Bramer indicated that the Muskegon plant also has been a supplier to Rolls Royce, which supplies engines to Lockheed Martin for its F-35 fighter aircraft. The plant also supplied a critical bearing for the Lockheed Martin Sniper Advanced Targeting Pod, the targeting system employed by the U.S. Air Force on the F-16 fighter.

Defense has long been the company's flagship market. Founder Harold Frauenthal launched the company in Muskegon in 1941 to meet the U.S. Navy's need for large precision gun-mount bearings. Frauenthal's claim to fame had originally been the specialized grinding machines used to make the gears.
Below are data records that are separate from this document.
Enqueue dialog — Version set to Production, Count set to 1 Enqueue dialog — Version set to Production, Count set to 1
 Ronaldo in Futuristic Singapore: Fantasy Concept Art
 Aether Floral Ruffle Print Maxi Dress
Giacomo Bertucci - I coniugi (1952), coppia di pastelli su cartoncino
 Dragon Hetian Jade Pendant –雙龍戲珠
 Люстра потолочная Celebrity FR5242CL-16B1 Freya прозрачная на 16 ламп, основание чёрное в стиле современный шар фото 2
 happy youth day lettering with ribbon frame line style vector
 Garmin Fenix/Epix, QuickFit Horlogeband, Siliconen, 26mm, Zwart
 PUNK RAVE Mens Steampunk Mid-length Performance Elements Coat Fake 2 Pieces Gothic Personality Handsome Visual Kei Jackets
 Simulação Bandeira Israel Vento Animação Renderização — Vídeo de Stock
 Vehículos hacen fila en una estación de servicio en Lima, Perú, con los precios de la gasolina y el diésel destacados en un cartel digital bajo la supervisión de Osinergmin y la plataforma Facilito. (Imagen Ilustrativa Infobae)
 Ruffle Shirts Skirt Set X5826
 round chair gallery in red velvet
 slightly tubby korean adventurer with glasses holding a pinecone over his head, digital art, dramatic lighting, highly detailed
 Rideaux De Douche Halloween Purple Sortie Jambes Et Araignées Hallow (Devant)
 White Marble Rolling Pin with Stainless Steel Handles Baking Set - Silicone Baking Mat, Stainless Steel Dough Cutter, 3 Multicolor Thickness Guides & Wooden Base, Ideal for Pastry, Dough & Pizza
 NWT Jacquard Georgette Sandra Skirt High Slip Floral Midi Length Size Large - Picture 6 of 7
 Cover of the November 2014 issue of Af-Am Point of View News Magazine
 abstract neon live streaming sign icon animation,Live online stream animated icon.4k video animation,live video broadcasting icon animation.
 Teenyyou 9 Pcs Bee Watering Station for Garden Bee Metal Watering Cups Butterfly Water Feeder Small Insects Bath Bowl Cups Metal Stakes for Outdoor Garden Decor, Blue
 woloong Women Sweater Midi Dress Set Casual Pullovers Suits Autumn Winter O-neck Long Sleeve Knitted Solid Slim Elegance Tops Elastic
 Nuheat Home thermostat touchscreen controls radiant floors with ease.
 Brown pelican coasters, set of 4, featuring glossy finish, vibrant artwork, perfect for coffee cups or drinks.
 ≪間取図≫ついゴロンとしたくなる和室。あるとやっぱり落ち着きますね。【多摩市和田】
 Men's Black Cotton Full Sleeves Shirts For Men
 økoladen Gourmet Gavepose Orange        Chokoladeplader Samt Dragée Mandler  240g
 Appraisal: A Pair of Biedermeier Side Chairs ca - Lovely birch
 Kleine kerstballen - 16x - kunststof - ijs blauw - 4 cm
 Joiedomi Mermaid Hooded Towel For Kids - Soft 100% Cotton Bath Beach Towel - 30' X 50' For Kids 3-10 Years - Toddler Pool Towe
That part of the business was spun off decades ago and exists today as the Campbell Grinder Co. in Spring Lake.

Parker Hannifin Corp., based in Ohio, has several manufacturing sites in Michigan, including Otsego and Richland, near Kalamazoo. The company makes various types of mechanical controls. Representatives of Parker Hannifin did not return calls from the Business Journal.

Gov. Jennifer Granholm said that defense “is one of the sectors we're growing to diversify Michigan's economy and create jobs."

"We appreciate Boeing's commitment to Michigan, and we have manufacturers and skilled workers eager to contribute further to our national defense," she added.

U.S. Rep. Pete Hoekstra said defense manufacturing “is a major asset to Michigan's diverse and dynamic economy, and Michigan's skilled work force stands ready to continue working alongside Boeing and its partners should it be chosen by the Air Force."

Boeing currently works with more than 280 suppliers/vendors across Michigan, resulting in an estimated $551 million in annual economic impact, according to Boeing officials.

The ultimate decision on who will be the prime contractor for the Air Force tanker “will be known publicly to everyone on Nov. 12,” said Brown.

Nationwide, Boeing’s NewGen Tanker program will support approximately 50,000 total U.S. jobs at Boeing facilities and at more than 800 suppliers in more than 40 states.

Boeing has been designing, building, modifying and supporting tankers for decades. These include the KC-135 that will be replaced and the KC-10 fleet. The company also has delivered four KC-767Js to the Japan Air Self-Defense Force and is on contract to deliver four KC-767s to the Italian Air Force.

Headquartered in St. Louis, Boeing Defense, Space & Security is a $34 billion business with 68,000 employees worldwide.